--- Material for this task Enclosed Below ---

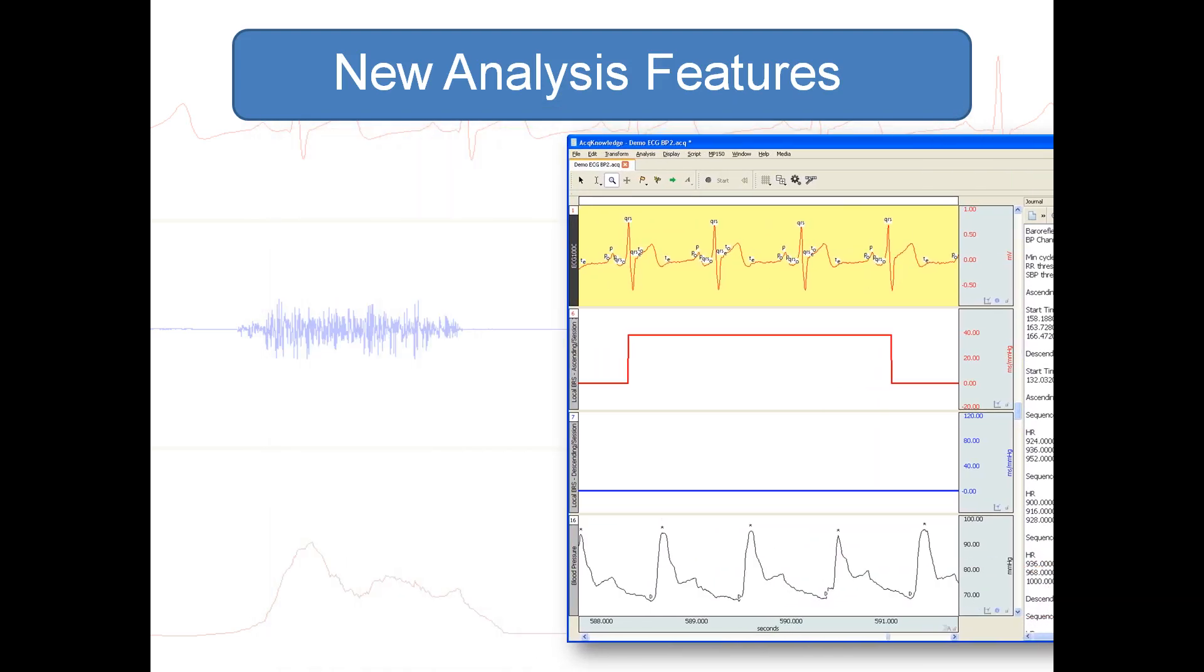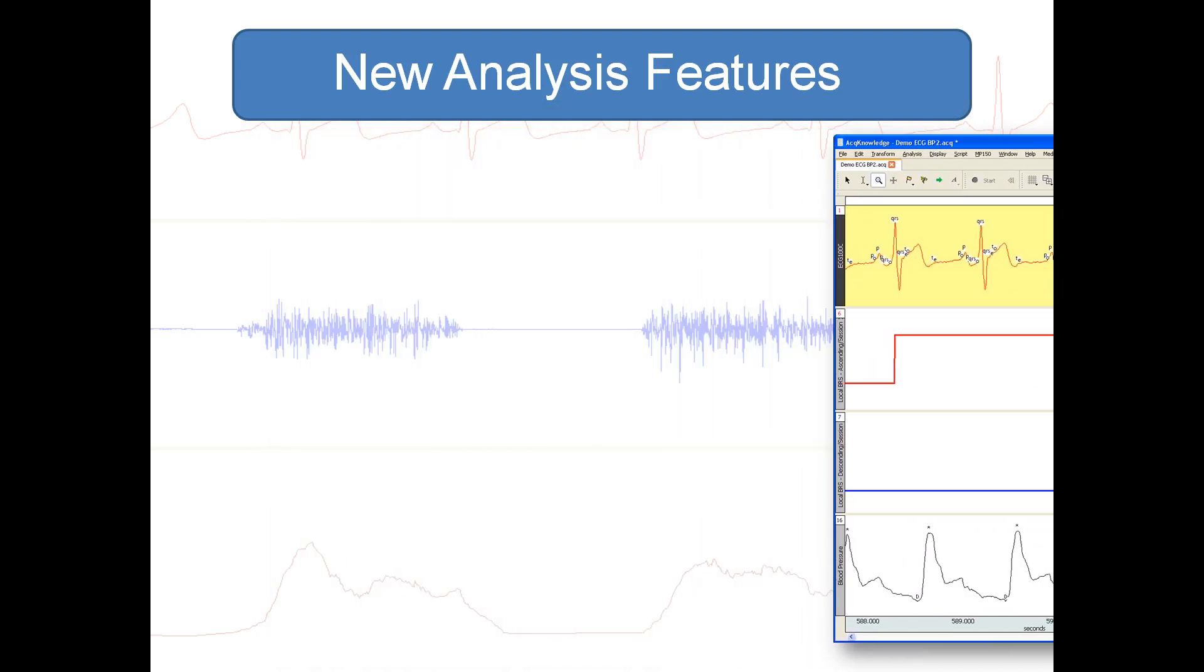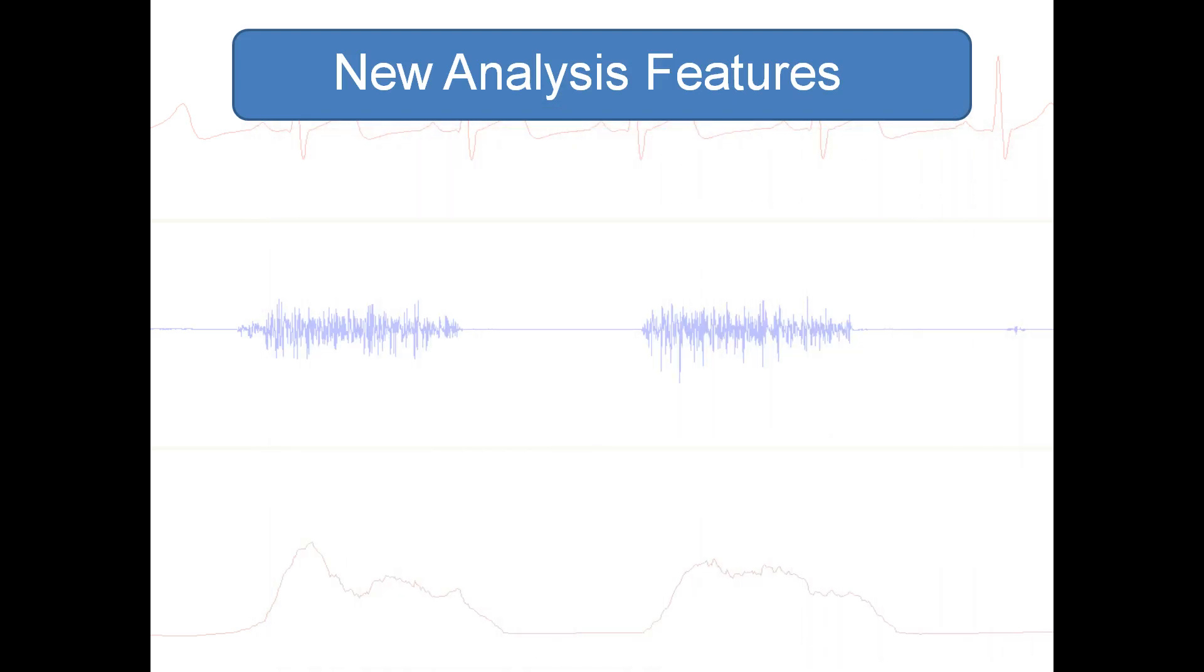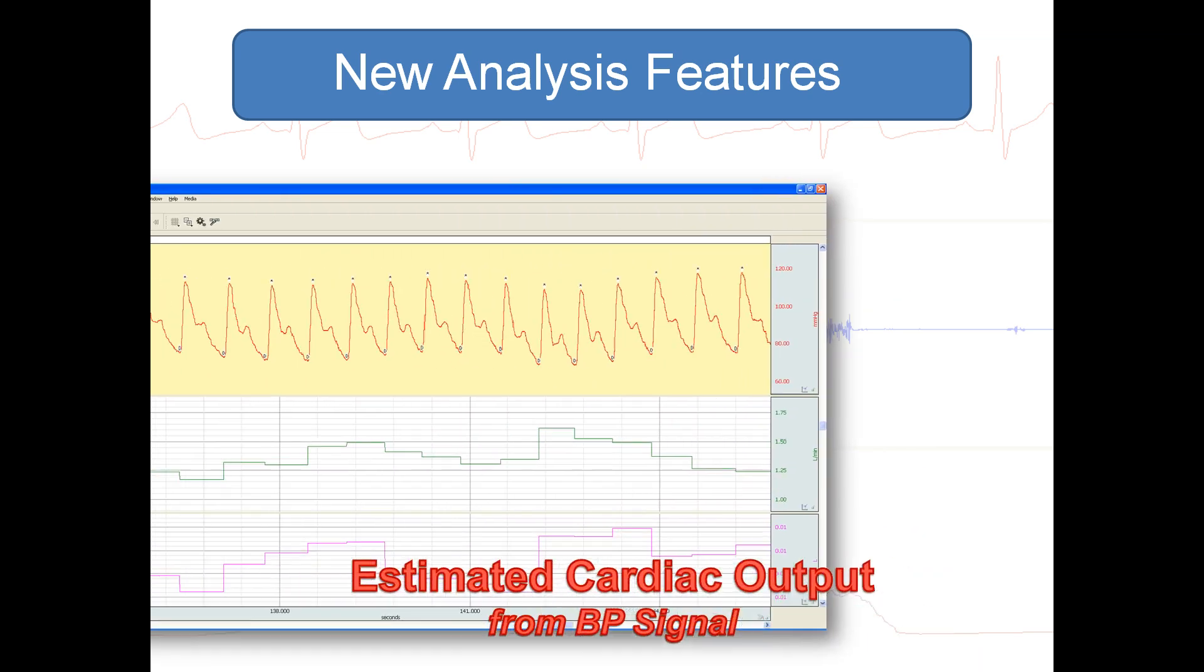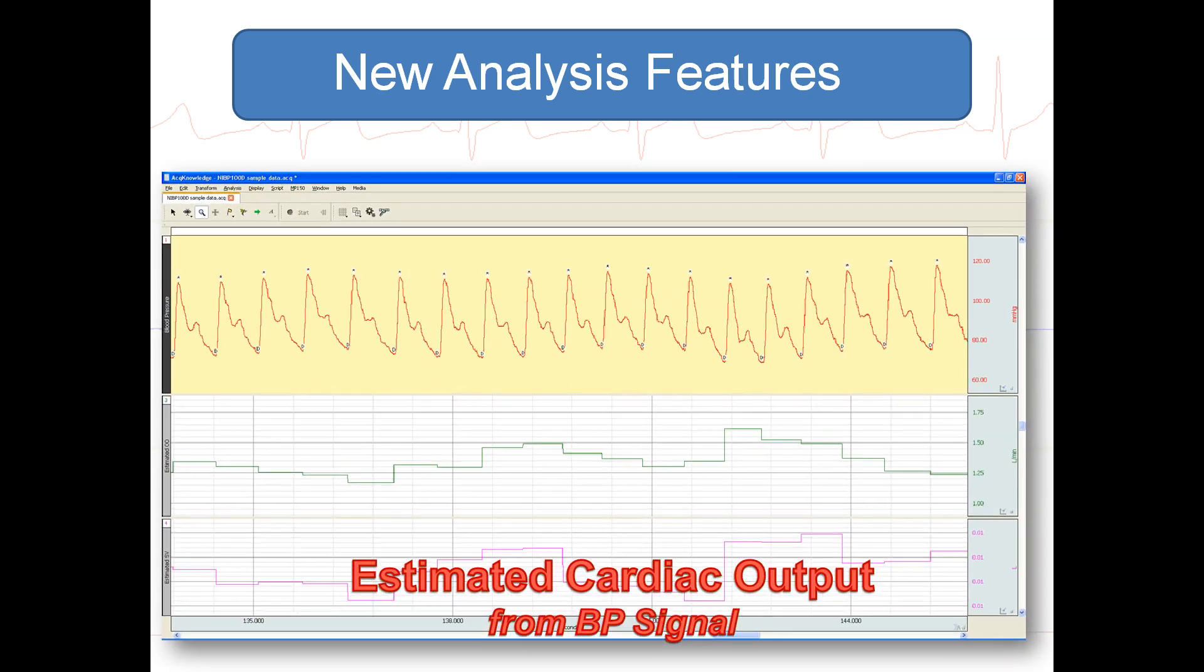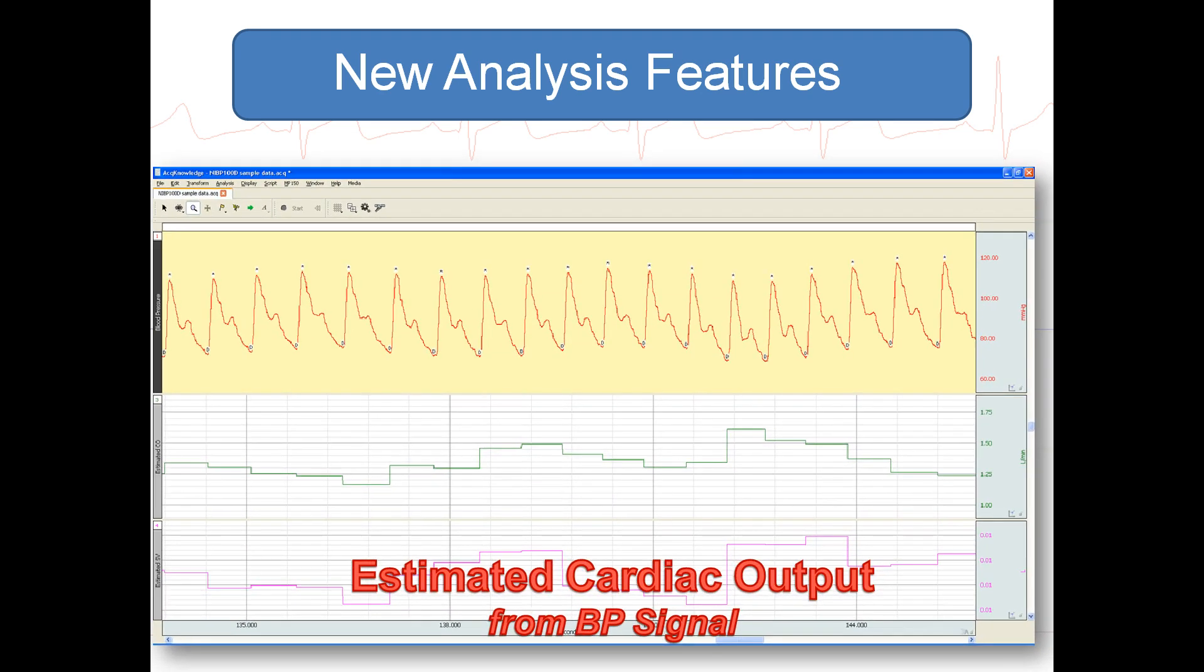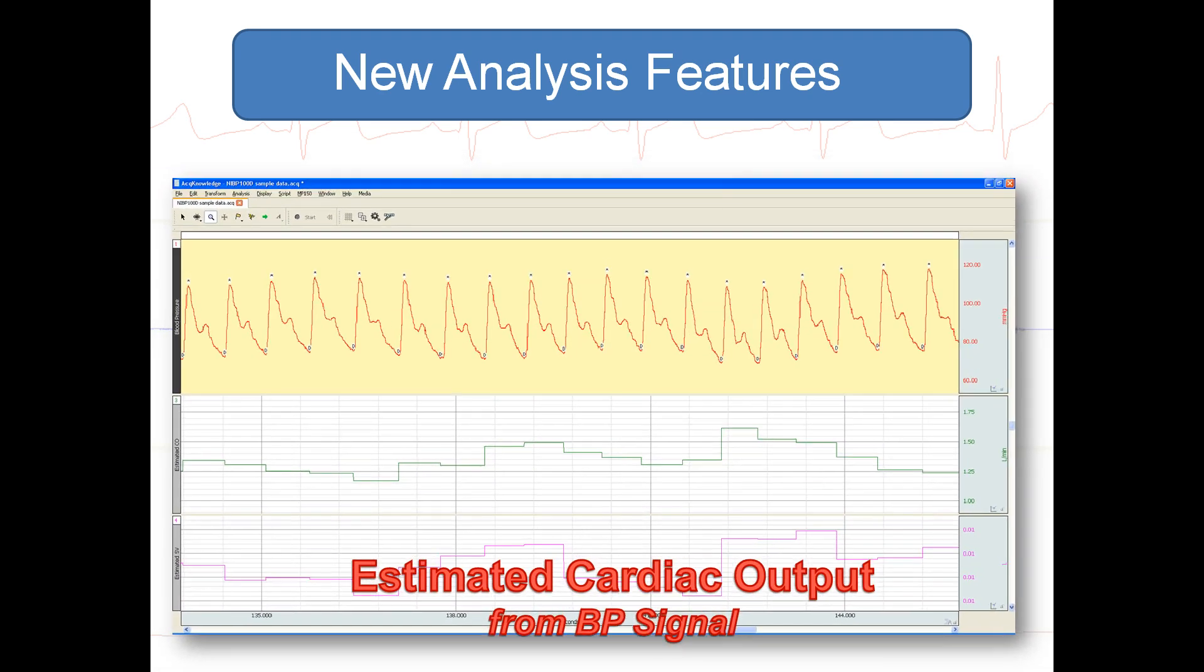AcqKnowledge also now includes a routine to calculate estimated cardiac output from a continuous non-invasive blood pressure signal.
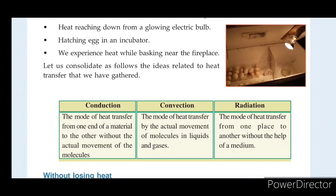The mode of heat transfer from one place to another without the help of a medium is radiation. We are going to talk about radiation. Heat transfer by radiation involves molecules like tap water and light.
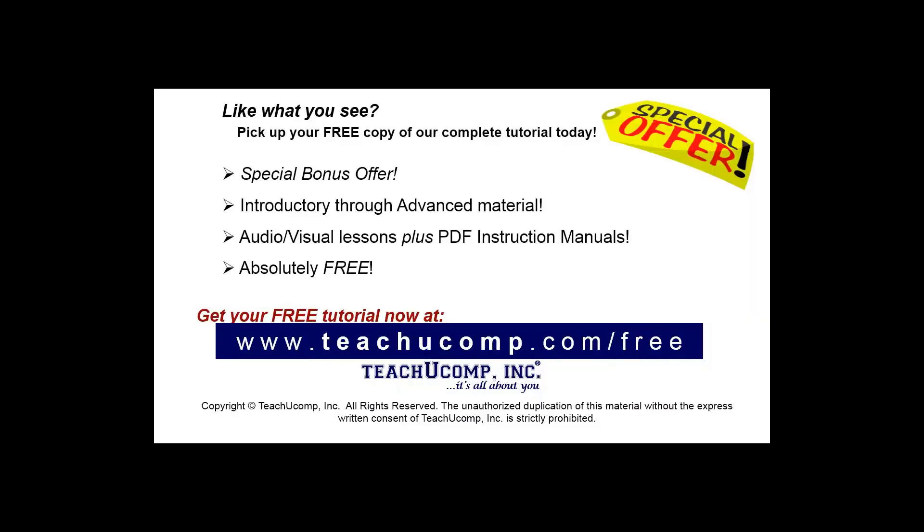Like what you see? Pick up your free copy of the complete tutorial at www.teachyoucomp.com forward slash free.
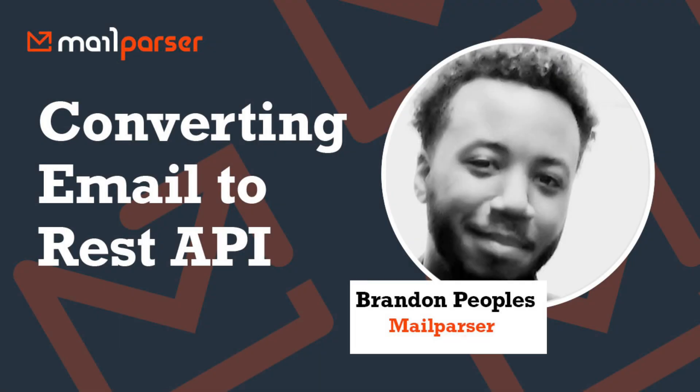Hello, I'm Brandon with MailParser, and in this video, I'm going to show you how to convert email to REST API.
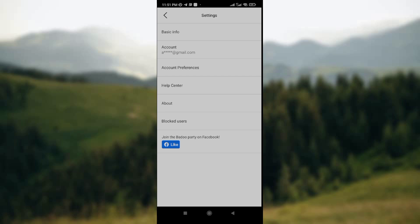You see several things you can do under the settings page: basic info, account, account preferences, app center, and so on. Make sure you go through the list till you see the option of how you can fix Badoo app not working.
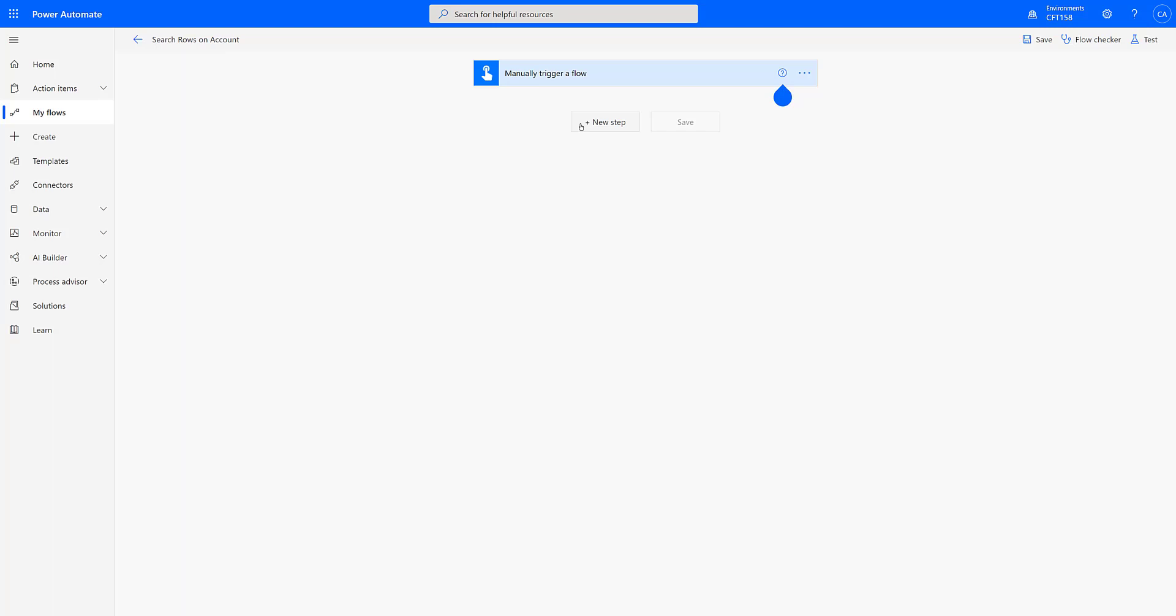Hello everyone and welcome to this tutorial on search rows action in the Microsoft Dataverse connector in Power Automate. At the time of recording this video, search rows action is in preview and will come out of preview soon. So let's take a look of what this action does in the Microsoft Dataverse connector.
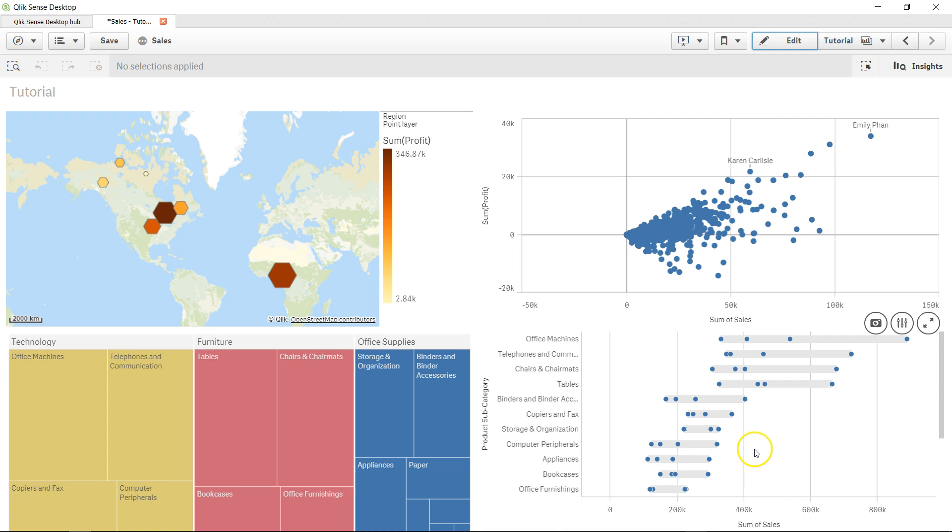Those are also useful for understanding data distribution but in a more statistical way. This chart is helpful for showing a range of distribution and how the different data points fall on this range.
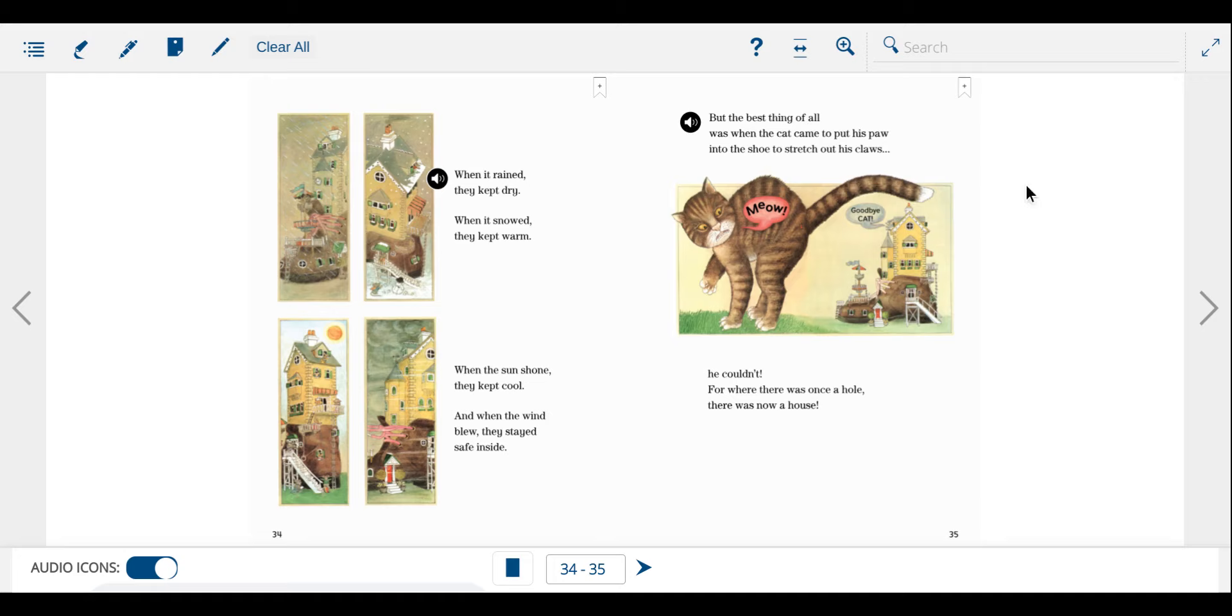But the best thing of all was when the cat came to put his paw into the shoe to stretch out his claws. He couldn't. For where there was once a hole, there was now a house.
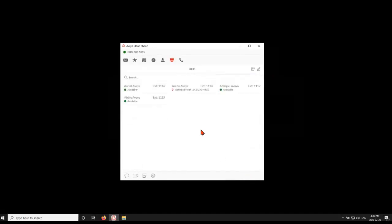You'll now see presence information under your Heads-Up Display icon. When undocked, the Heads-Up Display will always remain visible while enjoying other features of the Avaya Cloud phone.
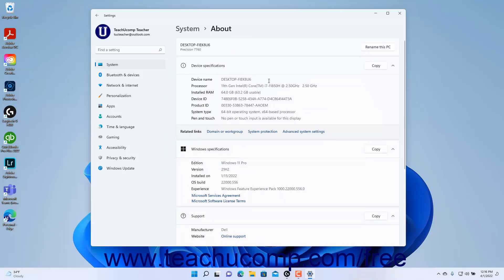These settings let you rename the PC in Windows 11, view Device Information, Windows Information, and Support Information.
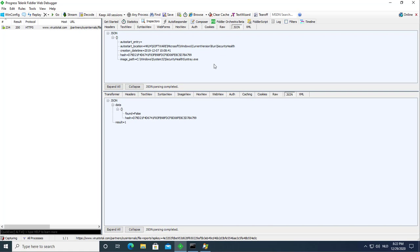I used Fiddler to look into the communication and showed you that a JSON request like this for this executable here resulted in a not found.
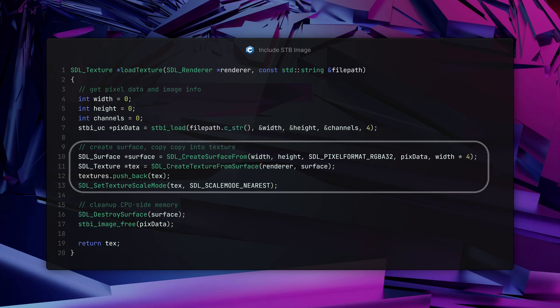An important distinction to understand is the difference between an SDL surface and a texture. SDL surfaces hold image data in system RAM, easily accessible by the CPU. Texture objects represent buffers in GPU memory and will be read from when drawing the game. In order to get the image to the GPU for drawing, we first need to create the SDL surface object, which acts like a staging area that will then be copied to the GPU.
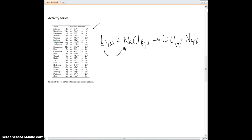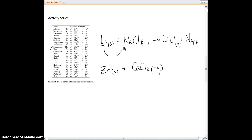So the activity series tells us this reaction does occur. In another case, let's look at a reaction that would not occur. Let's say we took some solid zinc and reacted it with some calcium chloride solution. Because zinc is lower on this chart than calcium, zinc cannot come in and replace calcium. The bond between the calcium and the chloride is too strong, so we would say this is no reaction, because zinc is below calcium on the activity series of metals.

--- End of Enclosed Material for this task ---

• [Task directions]:
Output the records above exactly, omitting the pictures.

• [Output for this exercise]:
AcqKnowledge also now includes a routine to calculate estimated cardiac output from a continuous non-invasive blood pressure signal.
The mode of heat transfer from one place to another without the help of a medium is radiation. We are going to talk about radiation. Heat transfer by radiation involves molecules like tap water and light.
Like what you see? Pick up your free copy of the complete tutorial at www.teachyoucomp.com forward slash free.
Hello, I'm Brandon with MailParser, and in this video, I'm going to show you how to convert email to REST API.
You see several things you can do under the settings page: basic info, account, account preferences, app center, and so on. Make sure you go through the list till you see the option of how you can fix Badoo app not working.
Hello everyone and welcome to this tutorial on search rows action in the Microsoft Dataverse connector in Power Automate. At the time of recording this video, search rows action is in preview and will come out of preview soon. So let's take a look of what this action does in the Microsoft Dataverse connector.
Those are also useful for understanding data distribution but in a more statistical way. This chart is helpful for showing a range of distribution and how the different data points fall on this range.
But the best thing of all was when the cat came to put his paw into the shoe to stretch out his claws. He couldn't. For where there was once a hole, there was now a house.
You'll now see presence information under your Heads-Up Display icon. When undocked, the Heads-Up Display will always remain visible while enjoying other features of the Avaya Cloud phone.
These settings let you rename the PC in Windows 11, view Device Information, Windows Information, and Support Information.
I used Fiddler to look into the communication and showed you that a JSON request like this for this executable here resulted in a not found.
An important distinction to understand is the difference between an SDL surface and a texture. SDL surfaces hold image data in system RAM, easily accessible by the CPU. Texture objects represent buffers in GPU memory and will be read from when drawing the game. In order to get the image to the GPU for drawing, we first need to create the SDL surface object, which acts like a staging area that will then be copied to the GPU.
So the activity series tells us this reaction does occur. In another case, let's look at a reaction that would not occur. Let's say we took some solid zinc and reacted it with some calcium chloride solution. Because zinc is lower on this chart than calcium, zinc cannot come in and replace calcium. The bond between the calcium and the chloride is too strong, so we would say this is no reaction, because zinc is below calcium on the activity series of metals.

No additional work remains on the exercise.